The Fort Dix terror plot investigation began in January 2006, after a clerk at a Circuit City store in the Philadelphia suburb of Mount Laurel told police about a video that troubled him when he was asked by a customer to convert it to DVD. Along with scenes of men skiing and riding snowmobiles, it also showed several men firing guns and shouting "Allah akbar." That Arabic phrase, which means "God is great," is also heard repeatedly in jihadist videos.

The FBI brought Omar into the case in March 2006.

By the end of this year, lawyers say, he will have been paid $238,000 for his work. While he worked for the government, he moved from a downmarket apartment in Paulsboro to a middle-class one in Cherry Hill, not far from where four of the suspects lived.

His job was to infiltrate the group. He focused mostly on Shnewer, who was then a few months shy of 21. Shnewer was a community college student who worked sometimes at his family's small grocery store in Pennsauken.

Omar, now 39, became a regular customer there and got to know the younger man, whom Shnewer's own lawyer describes as the butt of his friends' jokes.

For more than a year, Omar wore a wire and recorded hundreds of hours of conversations with Shnewer and the others.

His house and car were both rigged with hidden cameras at times to capture the suspects' words and actions.

The jurors certainly will hear snippets of many of those conversations.

Defense lawyers say they will show him trying to pull the suspects into an attack plan to make it appear there's a conspiracy.

Prosecutors will say that they simply show a conspiracy. In his opening arguments last week, Deputy U.S. Attorney William Fitzpatrick told jurors, "The FBI in this case exposed a crime. They did not create one."

Omar's life will also be scrutinized when he's on the witness stand.

In opening arguments, Fitzpatrick braced for that, acknowledging that Omar and a second paid informant, Besnik Bakalli, are not model citizens. But Fitzpatrick said that to get the goods on the alleged plotters, investigators needed an informant who would be credible to them.

Defense lawyers say they'll show that Omar had a drug problem and that he was often involved in enterprises that range from sketchy to illegal.

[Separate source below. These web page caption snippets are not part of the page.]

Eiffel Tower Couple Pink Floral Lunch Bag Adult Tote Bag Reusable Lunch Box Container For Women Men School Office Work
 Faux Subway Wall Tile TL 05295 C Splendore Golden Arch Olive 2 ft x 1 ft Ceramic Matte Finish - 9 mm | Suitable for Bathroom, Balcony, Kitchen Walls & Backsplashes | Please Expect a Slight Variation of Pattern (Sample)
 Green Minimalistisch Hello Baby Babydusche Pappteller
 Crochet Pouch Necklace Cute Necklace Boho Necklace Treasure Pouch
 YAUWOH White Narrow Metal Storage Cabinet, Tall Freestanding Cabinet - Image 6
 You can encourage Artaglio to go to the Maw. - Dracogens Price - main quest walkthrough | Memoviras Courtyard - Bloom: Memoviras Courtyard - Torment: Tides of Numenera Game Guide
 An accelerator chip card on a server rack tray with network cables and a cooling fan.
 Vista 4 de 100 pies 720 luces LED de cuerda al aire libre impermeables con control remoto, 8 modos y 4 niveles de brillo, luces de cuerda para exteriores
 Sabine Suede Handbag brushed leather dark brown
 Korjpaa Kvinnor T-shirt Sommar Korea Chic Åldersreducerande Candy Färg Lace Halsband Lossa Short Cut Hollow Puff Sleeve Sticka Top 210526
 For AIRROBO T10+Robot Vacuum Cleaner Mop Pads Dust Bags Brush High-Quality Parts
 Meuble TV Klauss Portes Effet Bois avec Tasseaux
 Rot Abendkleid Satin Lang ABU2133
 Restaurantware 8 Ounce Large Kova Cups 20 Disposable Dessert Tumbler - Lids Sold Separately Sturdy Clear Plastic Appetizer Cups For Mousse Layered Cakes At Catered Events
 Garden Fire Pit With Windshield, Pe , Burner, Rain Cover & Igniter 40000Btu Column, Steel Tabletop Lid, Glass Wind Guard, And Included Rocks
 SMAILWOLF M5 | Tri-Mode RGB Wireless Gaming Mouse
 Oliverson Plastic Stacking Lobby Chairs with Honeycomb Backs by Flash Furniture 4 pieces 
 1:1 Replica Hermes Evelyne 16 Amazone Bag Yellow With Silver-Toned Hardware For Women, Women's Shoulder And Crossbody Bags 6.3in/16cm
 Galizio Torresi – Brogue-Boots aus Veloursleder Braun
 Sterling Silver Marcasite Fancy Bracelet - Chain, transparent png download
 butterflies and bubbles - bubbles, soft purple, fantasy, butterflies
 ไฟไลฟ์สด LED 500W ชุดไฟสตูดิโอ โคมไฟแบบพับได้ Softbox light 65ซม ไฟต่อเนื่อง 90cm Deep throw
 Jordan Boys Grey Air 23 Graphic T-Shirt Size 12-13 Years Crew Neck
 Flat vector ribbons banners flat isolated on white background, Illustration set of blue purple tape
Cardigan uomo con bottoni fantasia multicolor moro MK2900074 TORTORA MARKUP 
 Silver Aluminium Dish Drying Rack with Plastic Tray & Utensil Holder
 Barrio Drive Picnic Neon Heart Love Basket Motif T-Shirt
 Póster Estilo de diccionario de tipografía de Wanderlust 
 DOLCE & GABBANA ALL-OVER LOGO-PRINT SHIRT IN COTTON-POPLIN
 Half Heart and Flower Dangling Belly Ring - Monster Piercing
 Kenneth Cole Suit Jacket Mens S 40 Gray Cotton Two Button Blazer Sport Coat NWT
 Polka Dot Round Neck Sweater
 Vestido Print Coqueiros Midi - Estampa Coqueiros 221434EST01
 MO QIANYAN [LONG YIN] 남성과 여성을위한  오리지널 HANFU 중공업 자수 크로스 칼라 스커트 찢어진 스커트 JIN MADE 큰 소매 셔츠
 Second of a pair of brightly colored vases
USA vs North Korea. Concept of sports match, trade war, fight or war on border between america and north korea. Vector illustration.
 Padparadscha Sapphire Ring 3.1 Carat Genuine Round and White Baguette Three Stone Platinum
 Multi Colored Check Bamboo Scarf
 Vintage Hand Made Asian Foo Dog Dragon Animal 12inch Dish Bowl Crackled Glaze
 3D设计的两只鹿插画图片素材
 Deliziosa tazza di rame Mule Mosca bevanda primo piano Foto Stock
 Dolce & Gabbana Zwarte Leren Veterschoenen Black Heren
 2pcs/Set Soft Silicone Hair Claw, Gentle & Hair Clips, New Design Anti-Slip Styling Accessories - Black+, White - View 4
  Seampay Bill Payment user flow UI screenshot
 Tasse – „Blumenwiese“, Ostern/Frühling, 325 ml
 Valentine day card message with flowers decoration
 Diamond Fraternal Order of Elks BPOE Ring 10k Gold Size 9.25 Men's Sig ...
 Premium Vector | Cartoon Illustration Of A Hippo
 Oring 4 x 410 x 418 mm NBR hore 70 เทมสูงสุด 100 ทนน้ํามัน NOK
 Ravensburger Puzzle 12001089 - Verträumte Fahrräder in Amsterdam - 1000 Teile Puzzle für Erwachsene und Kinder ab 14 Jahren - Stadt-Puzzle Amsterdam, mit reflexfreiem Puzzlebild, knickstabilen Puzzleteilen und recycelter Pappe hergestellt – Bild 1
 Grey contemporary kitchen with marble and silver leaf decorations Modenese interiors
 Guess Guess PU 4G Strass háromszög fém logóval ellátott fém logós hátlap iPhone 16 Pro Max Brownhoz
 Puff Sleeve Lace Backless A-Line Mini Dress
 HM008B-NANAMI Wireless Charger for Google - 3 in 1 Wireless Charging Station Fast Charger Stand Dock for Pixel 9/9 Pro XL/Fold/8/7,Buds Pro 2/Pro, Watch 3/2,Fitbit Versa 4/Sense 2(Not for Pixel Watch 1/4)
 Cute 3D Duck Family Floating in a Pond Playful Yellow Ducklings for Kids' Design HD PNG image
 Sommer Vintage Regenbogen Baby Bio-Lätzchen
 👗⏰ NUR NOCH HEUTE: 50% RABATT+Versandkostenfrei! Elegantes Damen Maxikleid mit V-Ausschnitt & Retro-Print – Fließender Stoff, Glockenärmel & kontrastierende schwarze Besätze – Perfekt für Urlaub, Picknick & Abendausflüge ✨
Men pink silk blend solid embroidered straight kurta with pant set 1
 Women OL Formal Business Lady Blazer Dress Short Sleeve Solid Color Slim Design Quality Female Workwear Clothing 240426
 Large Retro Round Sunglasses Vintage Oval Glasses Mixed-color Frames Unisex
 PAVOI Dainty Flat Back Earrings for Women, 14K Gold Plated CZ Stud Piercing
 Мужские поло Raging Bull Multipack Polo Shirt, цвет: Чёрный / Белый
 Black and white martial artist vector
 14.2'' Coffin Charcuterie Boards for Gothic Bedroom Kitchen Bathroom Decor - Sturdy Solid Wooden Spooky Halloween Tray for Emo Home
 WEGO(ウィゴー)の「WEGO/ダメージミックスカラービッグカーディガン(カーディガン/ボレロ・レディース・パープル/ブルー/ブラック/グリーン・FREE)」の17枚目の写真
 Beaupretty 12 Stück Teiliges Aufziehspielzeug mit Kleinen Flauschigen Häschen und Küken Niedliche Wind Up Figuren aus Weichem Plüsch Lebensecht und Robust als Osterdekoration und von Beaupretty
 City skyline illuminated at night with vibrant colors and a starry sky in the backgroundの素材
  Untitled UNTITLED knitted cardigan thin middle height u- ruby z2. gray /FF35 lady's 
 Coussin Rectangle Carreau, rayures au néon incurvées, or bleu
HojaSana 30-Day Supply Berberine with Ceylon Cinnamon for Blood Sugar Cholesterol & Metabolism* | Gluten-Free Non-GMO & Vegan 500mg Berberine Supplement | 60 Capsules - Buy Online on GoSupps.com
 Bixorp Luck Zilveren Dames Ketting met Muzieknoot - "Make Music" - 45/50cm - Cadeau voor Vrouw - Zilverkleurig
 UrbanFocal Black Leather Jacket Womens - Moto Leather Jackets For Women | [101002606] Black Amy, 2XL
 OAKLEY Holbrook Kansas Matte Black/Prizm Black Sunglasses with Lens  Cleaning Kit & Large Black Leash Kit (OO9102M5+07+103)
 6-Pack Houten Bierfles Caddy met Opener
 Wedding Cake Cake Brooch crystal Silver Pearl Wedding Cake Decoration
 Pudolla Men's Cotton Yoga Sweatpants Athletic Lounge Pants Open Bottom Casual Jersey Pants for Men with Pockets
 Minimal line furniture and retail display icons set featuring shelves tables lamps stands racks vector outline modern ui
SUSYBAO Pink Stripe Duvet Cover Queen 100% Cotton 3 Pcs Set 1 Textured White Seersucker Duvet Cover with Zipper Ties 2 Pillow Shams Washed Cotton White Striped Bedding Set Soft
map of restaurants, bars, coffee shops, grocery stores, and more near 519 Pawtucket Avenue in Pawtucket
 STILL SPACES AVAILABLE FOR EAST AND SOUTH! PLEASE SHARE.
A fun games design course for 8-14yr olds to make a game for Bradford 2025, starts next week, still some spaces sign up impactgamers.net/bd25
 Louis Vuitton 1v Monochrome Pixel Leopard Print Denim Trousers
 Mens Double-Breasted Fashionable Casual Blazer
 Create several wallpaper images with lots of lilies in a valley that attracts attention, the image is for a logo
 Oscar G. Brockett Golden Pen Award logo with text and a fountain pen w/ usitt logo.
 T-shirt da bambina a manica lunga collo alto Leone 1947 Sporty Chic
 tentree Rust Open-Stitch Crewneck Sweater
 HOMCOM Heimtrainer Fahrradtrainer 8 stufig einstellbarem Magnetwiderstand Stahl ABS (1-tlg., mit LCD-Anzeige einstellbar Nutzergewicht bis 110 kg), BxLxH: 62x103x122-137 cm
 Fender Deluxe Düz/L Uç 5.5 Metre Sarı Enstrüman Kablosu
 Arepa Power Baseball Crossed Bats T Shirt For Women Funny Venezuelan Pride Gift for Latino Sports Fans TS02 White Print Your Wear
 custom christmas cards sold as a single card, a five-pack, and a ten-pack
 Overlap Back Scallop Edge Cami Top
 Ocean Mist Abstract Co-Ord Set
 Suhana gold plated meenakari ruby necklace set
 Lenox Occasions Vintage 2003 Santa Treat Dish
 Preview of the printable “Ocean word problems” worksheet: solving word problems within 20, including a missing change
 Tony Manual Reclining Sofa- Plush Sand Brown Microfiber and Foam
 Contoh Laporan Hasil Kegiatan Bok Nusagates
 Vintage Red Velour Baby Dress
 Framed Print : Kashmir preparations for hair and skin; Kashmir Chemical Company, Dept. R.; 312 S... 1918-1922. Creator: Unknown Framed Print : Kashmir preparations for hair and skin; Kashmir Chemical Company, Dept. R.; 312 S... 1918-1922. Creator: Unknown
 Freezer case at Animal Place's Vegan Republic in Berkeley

For instance, they say he supported himself by buying, fixing and reselling cars - including cutting some into pieces and shipping them to Egypt to be reassembled and sold there. Some of those cars may have been stolen, Cipparone said.

The defense lawyers also say that Omar sold his Social Security card for $3,000 while working for the FBI. They told jurors that when the FBI found out about it, agents agreed to look the other way.

The conversations that have been made public so far have a running theme of Omar talking about buying forklifts or helping others in the case buy cars.

So far, the jury has been shown just one video involving Omar - the last one, made on May 7, 2007.

In it, two of the suspects visit Omar's apartment in Cherry Hill to buy seven AK-47 and M16 machine guns. Omar says they were supplied by a dealer he knows from Baltimore. The guns were really supplied by the FBI, which had a SWAT team positioned in the next apartment.

The video lasts only about seven minutes before the screen goes black and agents can be heard storming in to arrest the men.

Over the next few hours, five men - all foreign-born Muslims in their 20s who had spent years in Cherry Hill - were arrested in the plot. They are being tried for conspiracy to murder uniformed military personnel, attempted murder and weapons offenses.

It's not clear where Omar has been since the arrests. But they took place just a few weeks after his probation ended in the bank fraud case - meaning he was legally free to leave the country.